• **Aim of the exercise**:
The span to repeat in the listing below runs from the line containing "مشاركون في مظاهرة" to the line containing "abandonado no mar", inclusive. Repeat it exactly, and only it.

• **Dataset extract**:
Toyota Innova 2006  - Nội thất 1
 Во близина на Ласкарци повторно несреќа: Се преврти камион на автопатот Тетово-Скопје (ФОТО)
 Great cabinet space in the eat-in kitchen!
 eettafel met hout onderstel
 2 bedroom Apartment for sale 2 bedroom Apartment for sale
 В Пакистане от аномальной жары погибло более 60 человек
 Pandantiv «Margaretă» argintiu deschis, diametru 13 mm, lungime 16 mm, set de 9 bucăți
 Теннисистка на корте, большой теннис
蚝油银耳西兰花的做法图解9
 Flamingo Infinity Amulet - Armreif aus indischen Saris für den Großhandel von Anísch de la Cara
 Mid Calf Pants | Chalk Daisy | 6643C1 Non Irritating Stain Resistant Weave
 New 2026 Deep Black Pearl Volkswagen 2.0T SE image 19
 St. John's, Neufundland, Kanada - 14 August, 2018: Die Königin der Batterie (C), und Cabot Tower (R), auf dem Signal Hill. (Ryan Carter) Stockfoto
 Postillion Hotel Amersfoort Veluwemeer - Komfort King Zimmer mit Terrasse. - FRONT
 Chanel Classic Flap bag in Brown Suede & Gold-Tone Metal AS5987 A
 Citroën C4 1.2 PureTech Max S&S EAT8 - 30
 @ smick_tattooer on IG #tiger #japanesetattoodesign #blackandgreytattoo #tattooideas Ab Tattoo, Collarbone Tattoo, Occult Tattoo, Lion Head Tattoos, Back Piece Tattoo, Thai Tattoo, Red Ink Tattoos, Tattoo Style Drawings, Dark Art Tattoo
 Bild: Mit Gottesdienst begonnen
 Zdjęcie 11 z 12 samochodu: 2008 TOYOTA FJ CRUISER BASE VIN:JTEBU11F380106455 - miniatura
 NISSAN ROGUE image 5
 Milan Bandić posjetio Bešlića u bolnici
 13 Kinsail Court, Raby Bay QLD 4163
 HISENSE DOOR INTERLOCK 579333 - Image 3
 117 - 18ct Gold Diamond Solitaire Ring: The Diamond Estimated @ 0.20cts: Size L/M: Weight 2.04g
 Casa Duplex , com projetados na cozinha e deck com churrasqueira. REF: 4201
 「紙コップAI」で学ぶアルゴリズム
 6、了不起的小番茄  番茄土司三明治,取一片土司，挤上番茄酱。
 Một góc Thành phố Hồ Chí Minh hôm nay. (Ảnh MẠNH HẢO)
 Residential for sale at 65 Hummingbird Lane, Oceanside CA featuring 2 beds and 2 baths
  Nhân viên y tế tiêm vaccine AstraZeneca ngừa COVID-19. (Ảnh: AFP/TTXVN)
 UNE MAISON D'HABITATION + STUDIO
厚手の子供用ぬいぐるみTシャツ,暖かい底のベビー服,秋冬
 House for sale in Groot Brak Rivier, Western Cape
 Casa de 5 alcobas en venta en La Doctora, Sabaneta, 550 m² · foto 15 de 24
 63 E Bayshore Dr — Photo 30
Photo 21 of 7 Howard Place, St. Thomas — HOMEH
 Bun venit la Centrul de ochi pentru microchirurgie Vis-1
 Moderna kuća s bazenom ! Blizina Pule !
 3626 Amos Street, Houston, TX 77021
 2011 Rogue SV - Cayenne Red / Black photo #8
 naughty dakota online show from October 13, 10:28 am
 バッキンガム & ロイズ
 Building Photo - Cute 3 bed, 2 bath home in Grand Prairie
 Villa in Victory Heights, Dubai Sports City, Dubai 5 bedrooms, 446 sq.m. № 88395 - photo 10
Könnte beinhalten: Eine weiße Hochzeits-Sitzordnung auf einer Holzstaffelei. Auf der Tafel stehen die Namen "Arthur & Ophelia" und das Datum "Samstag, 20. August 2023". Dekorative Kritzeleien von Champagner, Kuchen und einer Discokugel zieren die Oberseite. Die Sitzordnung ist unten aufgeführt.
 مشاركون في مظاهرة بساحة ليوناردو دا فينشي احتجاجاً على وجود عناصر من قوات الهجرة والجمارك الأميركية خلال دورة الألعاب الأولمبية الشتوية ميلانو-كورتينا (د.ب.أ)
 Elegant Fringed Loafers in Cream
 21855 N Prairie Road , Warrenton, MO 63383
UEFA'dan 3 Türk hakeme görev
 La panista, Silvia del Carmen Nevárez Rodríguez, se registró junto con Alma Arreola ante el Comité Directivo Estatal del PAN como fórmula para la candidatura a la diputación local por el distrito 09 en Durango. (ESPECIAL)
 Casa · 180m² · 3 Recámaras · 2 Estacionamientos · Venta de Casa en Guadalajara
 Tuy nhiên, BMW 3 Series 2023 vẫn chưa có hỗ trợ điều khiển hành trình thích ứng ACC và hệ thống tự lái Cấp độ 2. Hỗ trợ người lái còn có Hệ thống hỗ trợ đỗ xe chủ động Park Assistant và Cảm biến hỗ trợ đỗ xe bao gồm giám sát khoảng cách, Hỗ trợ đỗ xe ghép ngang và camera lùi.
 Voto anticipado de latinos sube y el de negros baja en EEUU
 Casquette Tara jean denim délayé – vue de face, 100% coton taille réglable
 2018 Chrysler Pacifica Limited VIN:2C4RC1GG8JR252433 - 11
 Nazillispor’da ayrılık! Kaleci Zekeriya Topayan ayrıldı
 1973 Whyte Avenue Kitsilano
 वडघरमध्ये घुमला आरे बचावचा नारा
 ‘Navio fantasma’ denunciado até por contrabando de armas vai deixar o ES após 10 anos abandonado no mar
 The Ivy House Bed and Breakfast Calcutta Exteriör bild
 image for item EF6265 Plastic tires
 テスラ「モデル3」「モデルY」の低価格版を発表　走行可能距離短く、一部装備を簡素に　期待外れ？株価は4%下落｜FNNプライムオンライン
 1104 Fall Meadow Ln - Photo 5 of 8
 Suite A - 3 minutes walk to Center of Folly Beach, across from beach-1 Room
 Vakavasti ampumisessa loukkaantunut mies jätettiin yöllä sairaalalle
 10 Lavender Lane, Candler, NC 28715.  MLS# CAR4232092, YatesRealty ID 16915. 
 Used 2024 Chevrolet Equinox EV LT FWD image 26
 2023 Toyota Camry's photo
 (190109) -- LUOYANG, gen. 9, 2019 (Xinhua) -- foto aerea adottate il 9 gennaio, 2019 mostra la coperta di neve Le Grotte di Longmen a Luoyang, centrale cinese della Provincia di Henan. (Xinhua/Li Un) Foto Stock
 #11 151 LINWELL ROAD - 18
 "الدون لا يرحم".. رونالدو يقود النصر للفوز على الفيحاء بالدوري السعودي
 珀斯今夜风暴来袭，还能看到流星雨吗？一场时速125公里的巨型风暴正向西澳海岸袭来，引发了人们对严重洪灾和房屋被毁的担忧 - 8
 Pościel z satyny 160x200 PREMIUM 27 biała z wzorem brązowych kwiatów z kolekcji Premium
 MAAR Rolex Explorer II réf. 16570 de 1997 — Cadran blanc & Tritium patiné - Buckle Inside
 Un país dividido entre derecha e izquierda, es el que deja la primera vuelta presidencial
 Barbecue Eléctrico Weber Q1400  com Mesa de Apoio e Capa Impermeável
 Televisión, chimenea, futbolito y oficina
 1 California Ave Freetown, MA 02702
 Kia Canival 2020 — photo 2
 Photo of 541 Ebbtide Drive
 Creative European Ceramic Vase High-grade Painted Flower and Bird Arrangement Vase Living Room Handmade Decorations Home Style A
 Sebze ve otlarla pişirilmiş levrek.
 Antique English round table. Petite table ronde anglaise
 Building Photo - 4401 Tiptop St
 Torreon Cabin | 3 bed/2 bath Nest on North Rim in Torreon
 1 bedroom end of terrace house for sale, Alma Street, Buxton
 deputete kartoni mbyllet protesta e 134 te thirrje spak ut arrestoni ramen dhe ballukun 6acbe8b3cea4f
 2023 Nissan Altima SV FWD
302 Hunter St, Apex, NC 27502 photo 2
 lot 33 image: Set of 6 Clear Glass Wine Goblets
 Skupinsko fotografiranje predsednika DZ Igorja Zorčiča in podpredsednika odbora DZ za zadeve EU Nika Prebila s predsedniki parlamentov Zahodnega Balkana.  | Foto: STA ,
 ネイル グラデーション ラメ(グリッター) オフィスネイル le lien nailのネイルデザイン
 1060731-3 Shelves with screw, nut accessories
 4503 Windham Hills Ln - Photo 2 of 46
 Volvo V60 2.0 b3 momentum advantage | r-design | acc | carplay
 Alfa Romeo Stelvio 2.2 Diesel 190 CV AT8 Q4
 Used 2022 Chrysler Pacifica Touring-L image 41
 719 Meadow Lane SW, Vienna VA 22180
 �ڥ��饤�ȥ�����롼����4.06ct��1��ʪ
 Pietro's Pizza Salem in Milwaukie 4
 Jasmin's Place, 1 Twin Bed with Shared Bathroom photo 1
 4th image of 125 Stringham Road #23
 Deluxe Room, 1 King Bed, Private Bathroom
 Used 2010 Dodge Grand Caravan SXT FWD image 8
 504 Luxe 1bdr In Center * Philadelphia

• **Solved problem**:
 مشاركون في مظاهرة بساحة ليوناردو دا فينشي احتجاجاً على وجود عناصر من قوات الهجرة والجمارك الأميركية خلال دورة الألعاب الأولمبية الشتوية ميلانو-كورتينا (د.ب.أ)
 Elegant Fringed Loafers in Cream
 21855 N Prairie Road , Warrenton, MO 63383
UEFA'dan 3 Türk hakeme görev
 La panista, Silvia del Carmen Nevárez Rodríguez, se registró junto con Alma Arreola ante el Comité Directivo Estatal del PAN como fórmula para la candidatura a la diputación local por el distrito 09 en Durango. (ESPECIAL)
 Casa · 180m² · 3 Recámaras · 2 Estacionamientos · Venta de Casa en Guadalajara
 Tuy nhiên, BMW 3 Series 2023 vẫn chưa có hỗ trợ điều khiển hành trình thích ứng ACC và hệ thống tự lái Cấp độ 2. Hỗ trợ người lái còn có Hệ thống hỗ trợ đỗ xe chủ động Park Assistant và Cảm biến hỗ trợ đỗ xe bao gồm giám sát khoảng cách, Hỗ trợ đỗ xe ghép ngang và camera lùi.
 Voto anticipado de latinos sube y el de negros baja en EEUU
 Casquette Tara jean denim délayé – vue de face, 100% coton taille réglable
 2018 Chrysler Pacifica Limited VIN:2C4RC1GG8JR252433 - 11
 Nazillispor’da ayrılık! Kaleci Zekeriya Topayan ayrıldı
 1973 Whyte Avenue Kitsilano
 वडघरमध्ये घुमला आरे बचावचा नारा
 ‘Navio fantasma’ denunciado até por contrabando de armas vai deixar o ES após 10 anos abandonado no mar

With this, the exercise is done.